Sales of our shares could cause our stock price to fall.

     Sales of a substantial number of shares of common stock in the public
market could adversely affect the market price of our common stock prevailing
from time to time.  All shares of our common stock, including shares held by U-C
Holdings, are freely tradable without restriction, or may be sold pursuant to
Rule 144 under the Securities Act.  The sale of the shares of our common stock
acquired by U-C Holdings are subject to certain limitations set forth in Rule
144 under the Securities Act.  As of December 31, 1998, options to purchase
652,878 shares and warrants to purchase 2,081,258 shares of our common stock
were outstanding, of which options to purchase 464,190 shares and warrants to
purchase 2,081,258 shares were exercisable.

There are several risks associated with our acquisition strategy.

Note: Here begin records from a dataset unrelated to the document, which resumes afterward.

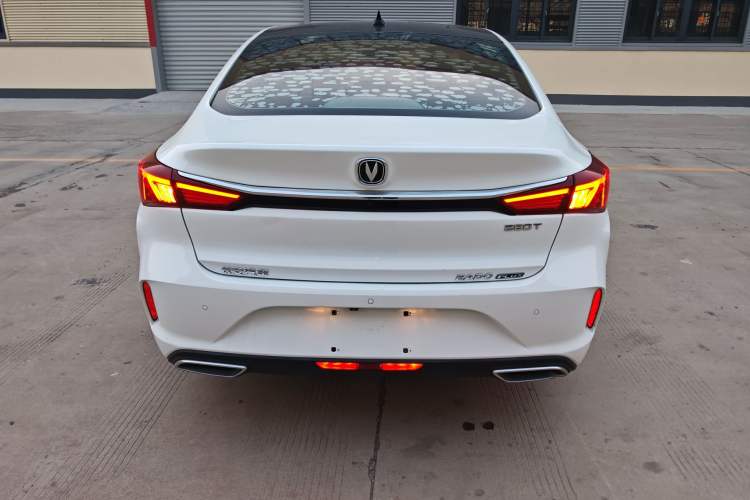 Used CHANGAN Eado 2021 PLUS Blue Whale NE 1.4T GDI DCT Flagship Model
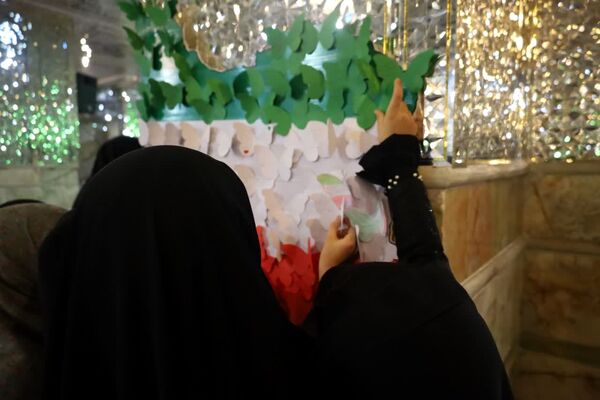  دورهمی دختران با قرائت سوره مبارکه فتح در رواق دارالذکر سومین حرم اهل بیت (ع)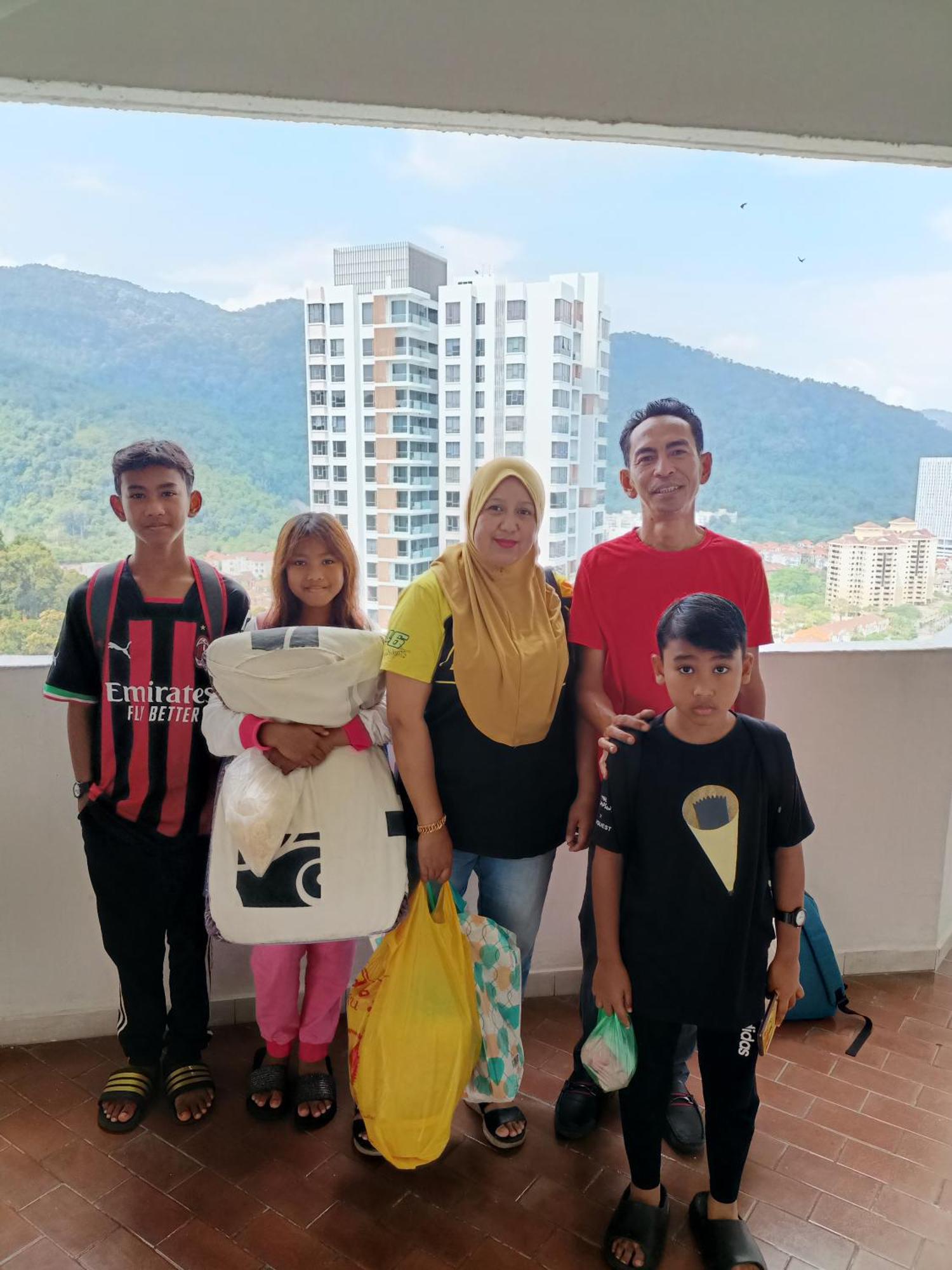 Cheap & Good At Sri Sayang Apartment Batu Ferringhi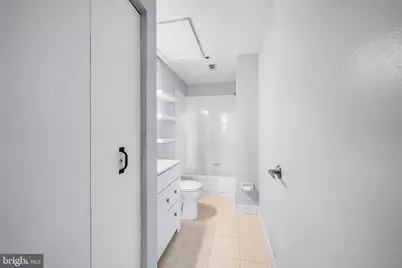 315 New Street #614, Philadelphia, PA 19106 - Photo 19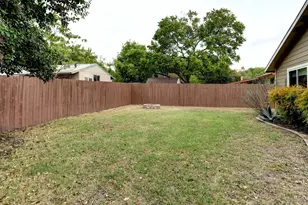 11108 Applewood Dr, Austin, TX 78758 - Photo 25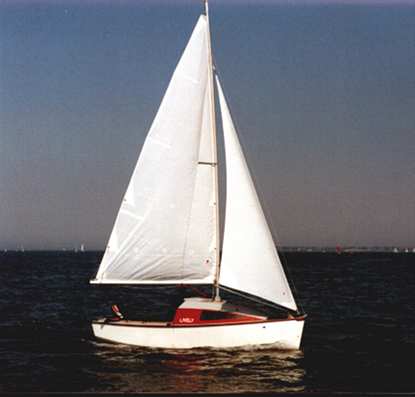 LIVELY sailing in the Solent (2)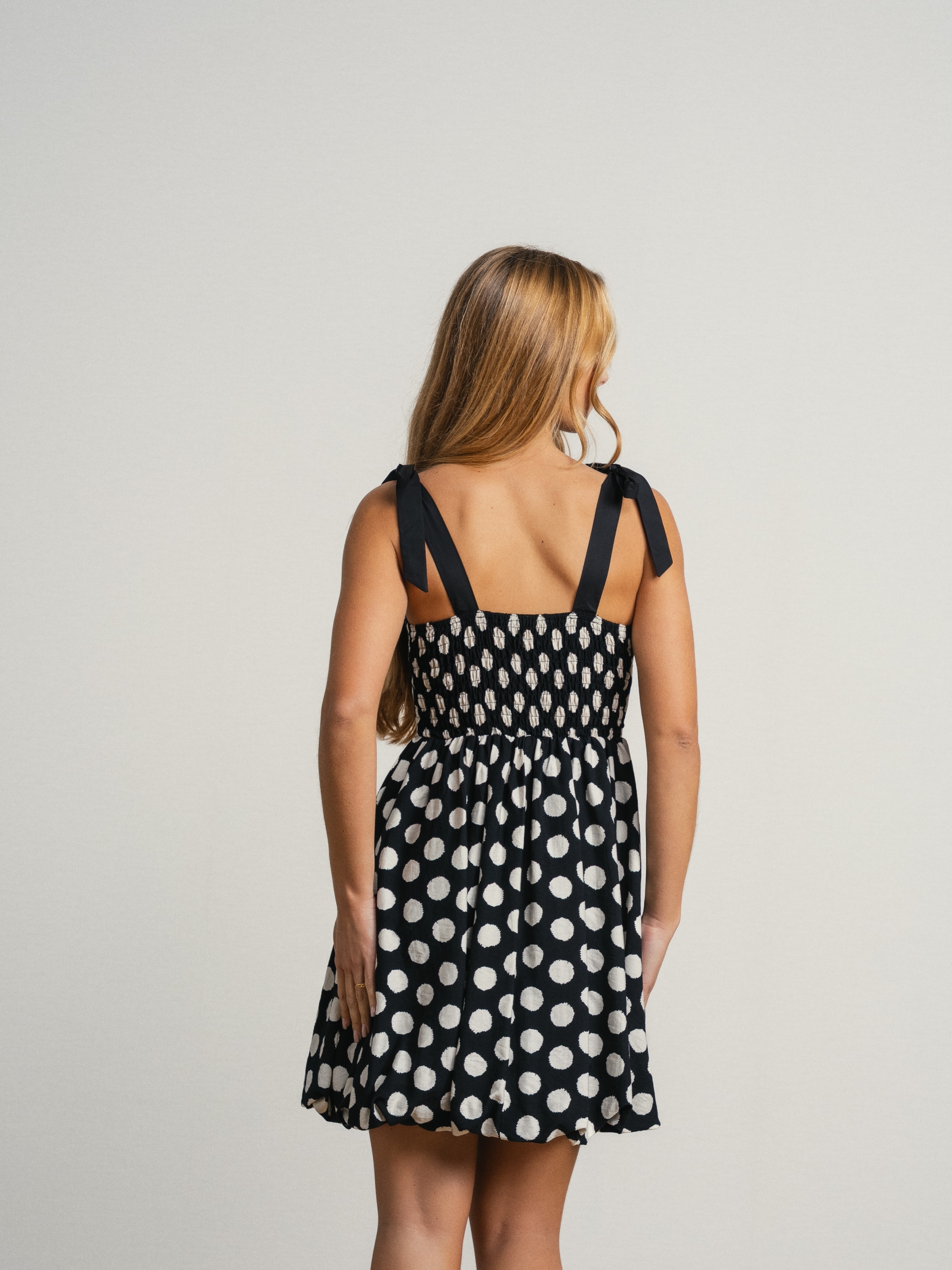 Vestido as bolinhas em balão Preto-6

     We may seek to expand or complement our operations through the possible
acquisition of companies or licensing of programs that we believe are compatible
with our business.  While we explore acquisition opportunities from time to
time, as of the date of this report, we have no definitive plans, agreements,
commitments, arrangements or understandings with respect to any significant
acquisition.  We have not established any minimum criteria for any acquisition,
and our management and Board of Directors will have complete discretion in
determining the terms of any such acquisition.  We cannot assure that we will be
able to ultimately effect any acquisition or successfully integrate into our
operations any business that we may acquire.  Under Delaware law, various forms
of business combinations can be effected without stockholder approval and,
accordingly, stockholders will, in all likelihood, neither receive nor otherwise
have the opportunity to evaluate any financial or other information which may be
made available to us in connection with any acquisition and must rely entirely
upon the ability of management in selecting, structuring and consummating
acquisitions that are consistent with our business objectives.

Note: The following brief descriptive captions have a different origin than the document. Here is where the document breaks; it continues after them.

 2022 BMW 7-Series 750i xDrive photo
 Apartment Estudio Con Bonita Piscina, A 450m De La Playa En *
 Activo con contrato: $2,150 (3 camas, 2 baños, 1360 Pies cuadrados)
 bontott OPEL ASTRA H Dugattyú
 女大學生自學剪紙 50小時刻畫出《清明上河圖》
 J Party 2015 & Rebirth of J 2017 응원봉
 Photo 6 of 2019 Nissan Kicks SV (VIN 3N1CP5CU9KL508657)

Year 2000 risks may result in material adverse effects on our business.

     Many currently-installed computer systems and software products are coded
to accept only two-digit entries in the date code field.  Beginning in the Year
2000, these date code fields will need to accept four-digit entries to
distinguish 21st century dates from 20th century dates.  As a result, over the
next nine months, computer systems and/or software used by many companies will
need to be upgraded to comply with such "Year 2000" requirements.  Because we
are dependent on vendor compliance, our ability to assure Year 2000 compliance
is limited.  We have required certain of our computer system and software
vendors to represent that the services and products provided are, or will be,
Year 2000 compliant.

Our ability to issue preferred stock may inhibit a takeover of our company.

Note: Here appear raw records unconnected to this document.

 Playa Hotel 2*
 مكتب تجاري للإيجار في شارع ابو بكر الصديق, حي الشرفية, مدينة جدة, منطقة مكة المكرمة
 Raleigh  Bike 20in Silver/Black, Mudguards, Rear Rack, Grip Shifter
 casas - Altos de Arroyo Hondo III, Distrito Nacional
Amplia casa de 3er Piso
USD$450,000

     Our Board of Directors has the authority to issue up to 2,000,000 shares of
preferred stock and to fix the rights, preferences, privileges and restrictions,
including voting rights, of the preferred stock without further vote or action
by our stockholders.  The rights of the holders of our common stock will be
subject to, and may be adversely affected by, the rights of the holders of a
preferred stock that may be issued in the future.  While we have no present
intention to issue shares of preferred stock, such issuance, while providing
desired flexibility in connection with possible acquisitions and other corporate
purposes, could have the effect of making it more difficult for a third party to
acquire a majority of our outstanding voting stock.